Tarcher/Perigee. $26.
Filled with descriptive
insight but lacking in realistic prescriptive recommendations, Jess Shatkin’s Born to Be Wild is an attempt to get
beyond facile clichés about risk-taking teenagers and figure out why teens
really do some of the things that their elders (all formerly teens) find hard
to accept or in some cases even believe.

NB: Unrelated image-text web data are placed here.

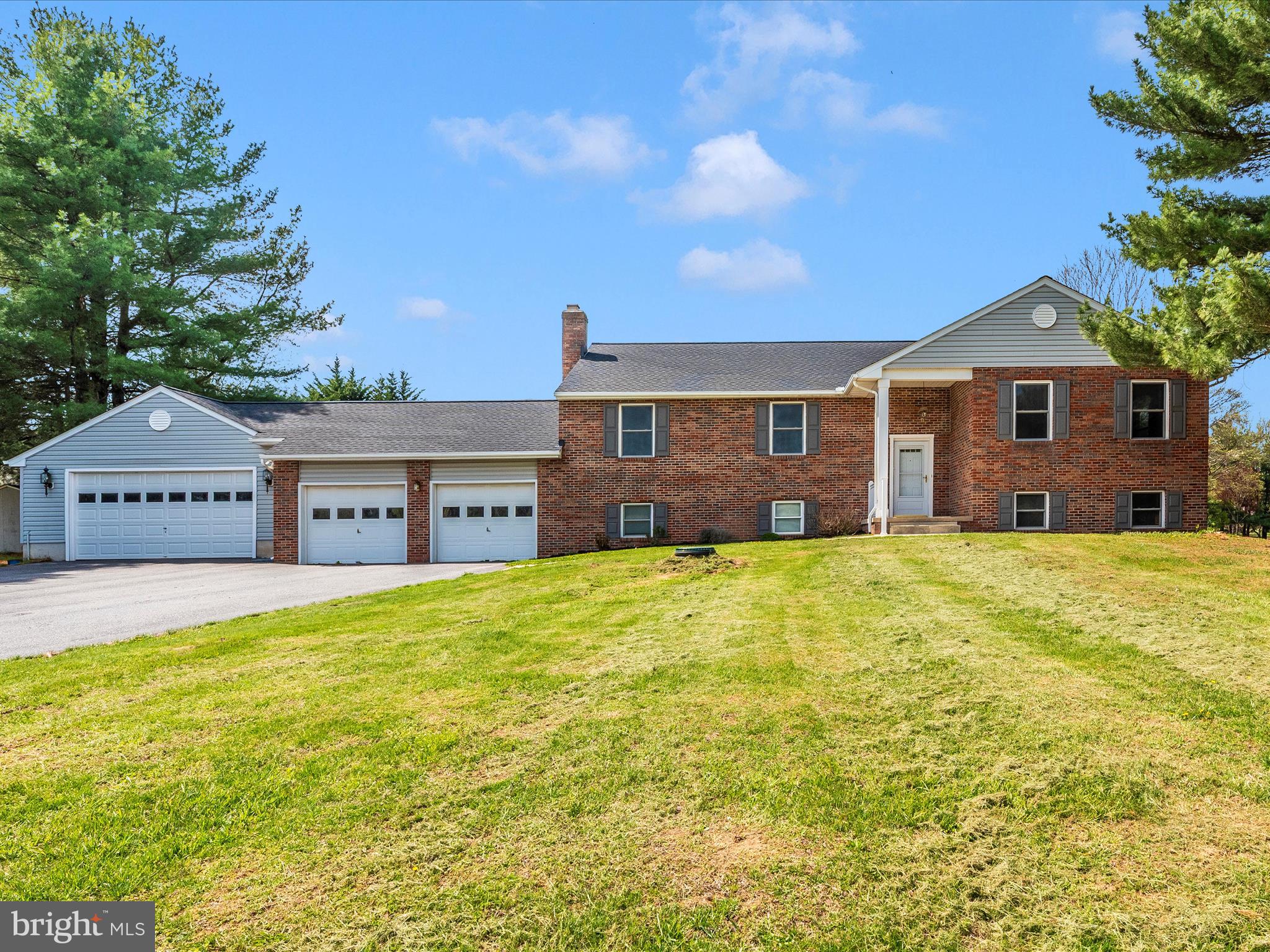 870 River Rd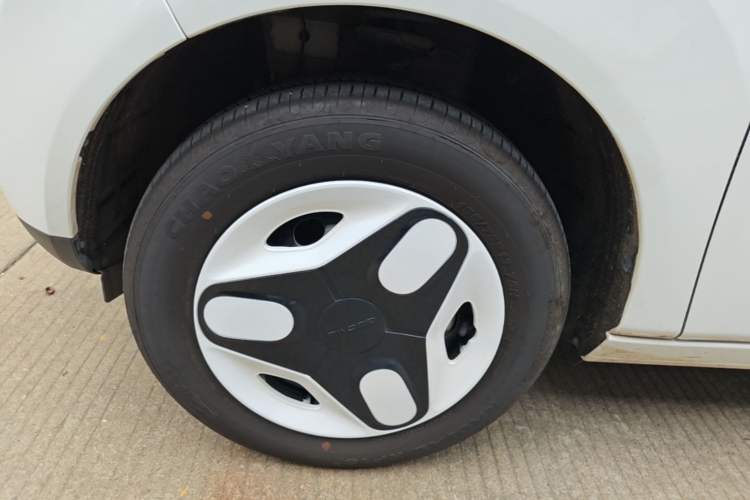Used Geely Galaxy Panda 2025 210 km – Yuanqi Bear Left Front Wheel Hub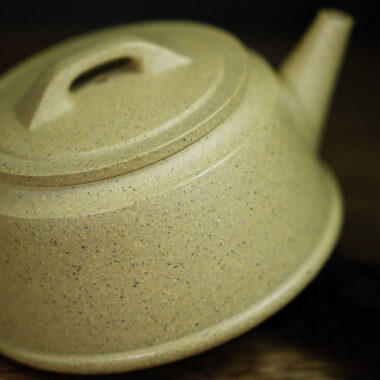 Full Handmade Yixing Zisha Teapot [Yu Zhao Pot] (Benson Lu Ni – 170ml)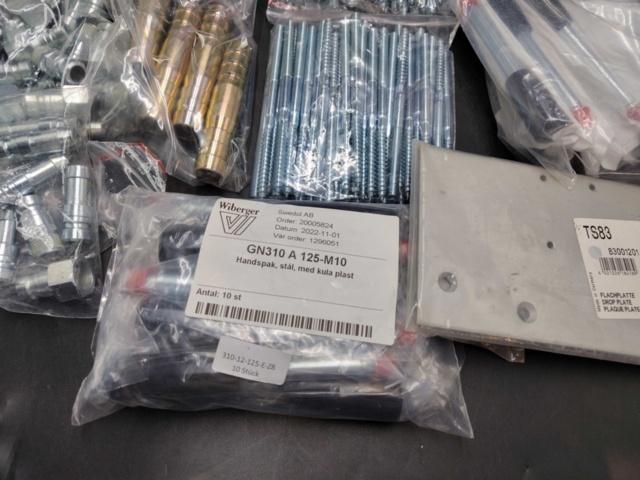 1480434-5 Byggbeslag - blandat parti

Teens, according to child and
adolescent psychiatrist Shatkin, are engaged in a nearly continuous (or at
least continual) process of inner-directed wilding, a kind of out-of-control
behavior that Shatkin says is hard-wired and important for species survival.
Rather than considering themselves invulnerable, Shatkin says, teens overestimate their vulnerability
substantially – to pregnancy and sexually transmitted illness, for example –
and behave in risky ways anyway. Something other than a feeling of being able
to make it through anything unscathed must be operating, the author says.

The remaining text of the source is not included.